#### Assignment
Only lines with the string "Neck" are wanted. Pull them out of the data.

(Records excerpted from a collection)
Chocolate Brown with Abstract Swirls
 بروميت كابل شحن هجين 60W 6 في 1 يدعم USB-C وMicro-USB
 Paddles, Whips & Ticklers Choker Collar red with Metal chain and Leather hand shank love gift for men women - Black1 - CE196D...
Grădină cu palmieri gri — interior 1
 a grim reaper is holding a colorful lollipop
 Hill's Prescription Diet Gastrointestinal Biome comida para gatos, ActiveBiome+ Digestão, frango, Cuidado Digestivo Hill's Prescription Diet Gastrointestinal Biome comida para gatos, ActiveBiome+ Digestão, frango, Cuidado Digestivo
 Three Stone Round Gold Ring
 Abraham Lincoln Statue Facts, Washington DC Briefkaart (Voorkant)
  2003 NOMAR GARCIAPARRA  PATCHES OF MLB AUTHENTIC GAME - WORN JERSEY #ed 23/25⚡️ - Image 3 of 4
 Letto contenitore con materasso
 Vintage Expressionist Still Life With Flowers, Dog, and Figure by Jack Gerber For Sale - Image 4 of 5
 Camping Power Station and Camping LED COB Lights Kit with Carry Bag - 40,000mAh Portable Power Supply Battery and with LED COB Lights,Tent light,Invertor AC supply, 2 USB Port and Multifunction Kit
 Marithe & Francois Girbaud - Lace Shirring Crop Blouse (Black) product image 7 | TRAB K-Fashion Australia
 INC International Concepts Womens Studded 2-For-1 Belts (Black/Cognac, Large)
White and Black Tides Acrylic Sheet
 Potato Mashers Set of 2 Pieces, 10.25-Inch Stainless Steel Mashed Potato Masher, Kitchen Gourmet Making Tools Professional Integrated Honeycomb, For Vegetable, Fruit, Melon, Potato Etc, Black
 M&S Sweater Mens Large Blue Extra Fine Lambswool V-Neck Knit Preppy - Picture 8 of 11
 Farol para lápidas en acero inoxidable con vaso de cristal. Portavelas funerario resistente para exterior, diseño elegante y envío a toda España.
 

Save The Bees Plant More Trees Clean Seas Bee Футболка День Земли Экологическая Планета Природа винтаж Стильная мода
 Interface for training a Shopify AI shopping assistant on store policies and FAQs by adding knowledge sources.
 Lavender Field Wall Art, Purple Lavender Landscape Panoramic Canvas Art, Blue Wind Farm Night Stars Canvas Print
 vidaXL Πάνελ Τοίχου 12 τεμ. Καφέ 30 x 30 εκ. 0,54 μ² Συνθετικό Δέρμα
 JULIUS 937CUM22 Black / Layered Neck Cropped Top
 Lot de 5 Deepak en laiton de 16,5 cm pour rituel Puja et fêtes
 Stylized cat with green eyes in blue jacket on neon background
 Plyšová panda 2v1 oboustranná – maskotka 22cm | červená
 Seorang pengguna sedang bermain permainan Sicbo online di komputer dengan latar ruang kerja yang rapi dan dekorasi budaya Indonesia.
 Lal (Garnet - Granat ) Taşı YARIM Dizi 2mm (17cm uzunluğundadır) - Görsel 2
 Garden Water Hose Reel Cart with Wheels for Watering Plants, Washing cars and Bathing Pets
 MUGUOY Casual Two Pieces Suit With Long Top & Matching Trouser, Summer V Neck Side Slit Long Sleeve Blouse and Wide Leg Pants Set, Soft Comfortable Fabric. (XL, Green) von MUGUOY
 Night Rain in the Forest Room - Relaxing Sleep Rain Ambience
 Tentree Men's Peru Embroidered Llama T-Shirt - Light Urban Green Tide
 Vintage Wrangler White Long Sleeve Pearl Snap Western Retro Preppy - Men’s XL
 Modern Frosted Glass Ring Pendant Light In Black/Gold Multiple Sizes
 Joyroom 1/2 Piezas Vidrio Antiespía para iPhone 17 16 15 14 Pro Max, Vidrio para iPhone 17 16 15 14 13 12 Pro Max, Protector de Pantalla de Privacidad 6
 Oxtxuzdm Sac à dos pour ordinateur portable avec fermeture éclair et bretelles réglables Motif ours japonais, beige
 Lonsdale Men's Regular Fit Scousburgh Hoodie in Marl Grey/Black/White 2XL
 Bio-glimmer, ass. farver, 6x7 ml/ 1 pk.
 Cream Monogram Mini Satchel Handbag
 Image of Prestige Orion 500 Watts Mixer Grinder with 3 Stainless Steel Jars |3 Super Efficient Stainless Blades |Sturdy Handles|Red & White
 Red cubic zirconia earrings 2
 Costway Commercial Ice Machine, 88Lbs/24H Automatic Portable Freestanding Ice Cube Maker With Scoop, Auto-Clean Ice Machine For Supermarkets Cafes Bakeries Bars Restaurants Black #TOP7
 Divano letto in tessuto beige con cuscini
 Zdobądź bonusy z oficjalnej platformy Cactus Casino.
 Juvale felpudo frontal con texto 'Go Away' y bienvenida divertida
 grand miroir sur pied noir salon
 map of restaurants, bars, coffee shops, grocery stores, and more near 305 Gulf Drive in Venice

#### Solution below
 M&S Sweater Mens Large Blue Extra Fine Lambswool V-Neck Knit Preppy - Picture 8 of 11
 JULIUS 937CUM22 Black / Layered Neck Cropped Top
 MUGUOY Casual Two Pieces Suit With Long Top & Matching Trouser, Summer V Neck Side Slit Long Sleeve Blouse and Wide Leg Pants Set, Soft Comfortable Fabric. (XL, Green) von MUGUOY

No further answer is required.